Meet The Masters – the North State Master Gardener Programs

This week we have the pleasure of hearing from Pam Geisel, Statewide Coordinator of the UC Master Gardener Program – several counties of which are accepting applicants for this fall – including Glenn and Shasta.

Pam gives us an update on Master Gardener programs in the North State and recommends visiting some of their keystone projects at upcoming events and demonstrations, including Patrick Ranch in Chico, Young Family Ranch in Weaverville and Fair Oaks Horticultural Center in Fair Oaks. Photo: Master Gardeners learn about all manner of beneficial insects and integrated pest management.

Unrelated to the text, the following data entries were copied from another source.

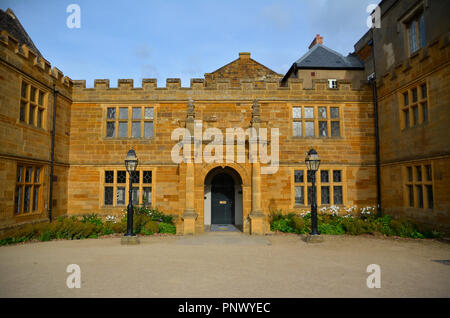 Eingang zu den kürzlich restaurierten Delapre Abtei, Northamptonshire Stockfoto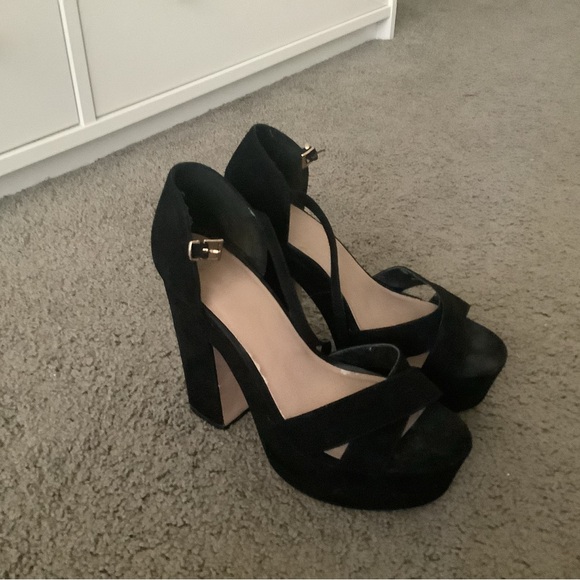 ASOS black platform heels - Picture 3 of 6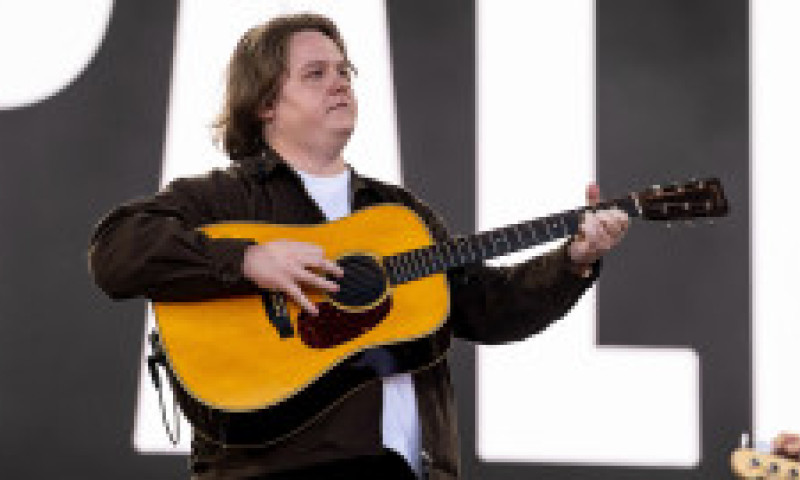 Lewis Capaldi, revenire pe scenă după doi ani. De la durere, sindrom Tourette și anxietate, la aplauze: "A venit timpul să mă întorc"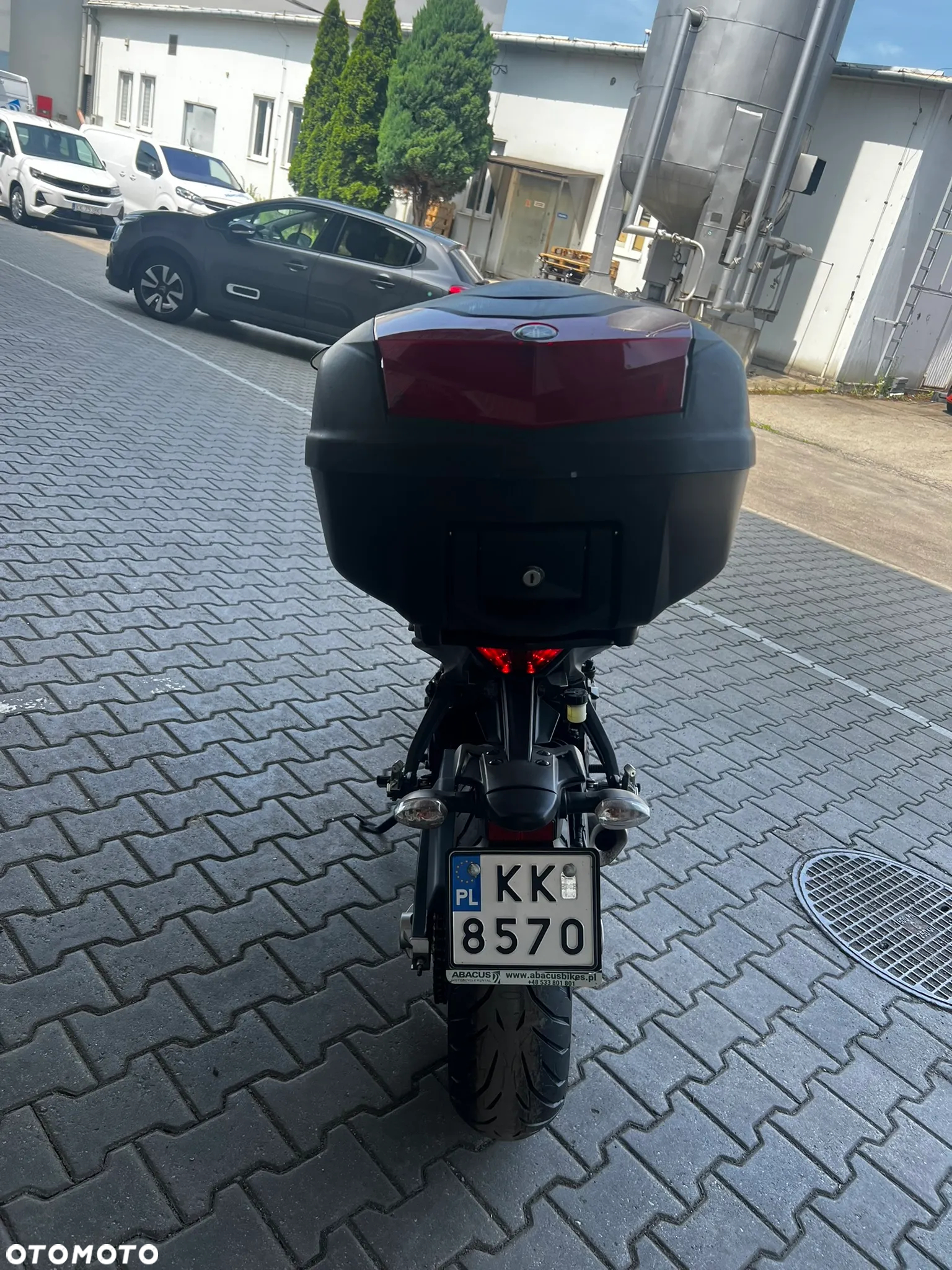 Yamaha MT - 5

North State Master Gardener Programs include:

Butte County Master Gardener Program:
Visit or Call the Hotline

Butte County Cooperative Extension Office
2279-B Del Oro Avenue
Oroville, CA 95965
(530) 538-7201

Monday and Wednesday
8:45 – 11:45 am Photo: Master gardeners are trained in soil science.

Colusa County Master Gardener Program

Master Gardeners are available to answer your home garden questions beginning May 19, 2009. The U.C. Master Gardener Office Hours are: Tuesdays from 9am – 12pm at the UCCE Office, and Thursdays from 1pm – 4pm at the Farm Bureau Office.

Call the UC Cooperative Extension office at 530-458-0570 or the Colusa County Farm Bureau office at 530-458-5130. We have two locations: UC Cooperative Extension office, 100 Sunrise Blvd. Suite E, Colusa, CA 95932 AND Colusa County Farm Bureau, 520 Market Street, Colusa. If you would like more information, please email one of our Master Gardener Program Coordinators, Gerry Hernandez at or Melodie Johnson at

Glenn County Master Gardener Program:

The Glenn County Master Gardener Program provides our community with UC research-based information about home horticulture, sustainable landscape and pest management practices.
Upcoming 2012 Master Gardener Training classes: 2012 Master Gardener Training Class – Become a Glenn County Master Gardener! Applications are currently being accepted for the class of 2012 – 13. Photo: Master gardeners learn about all manner of food crops – their cultivation and health.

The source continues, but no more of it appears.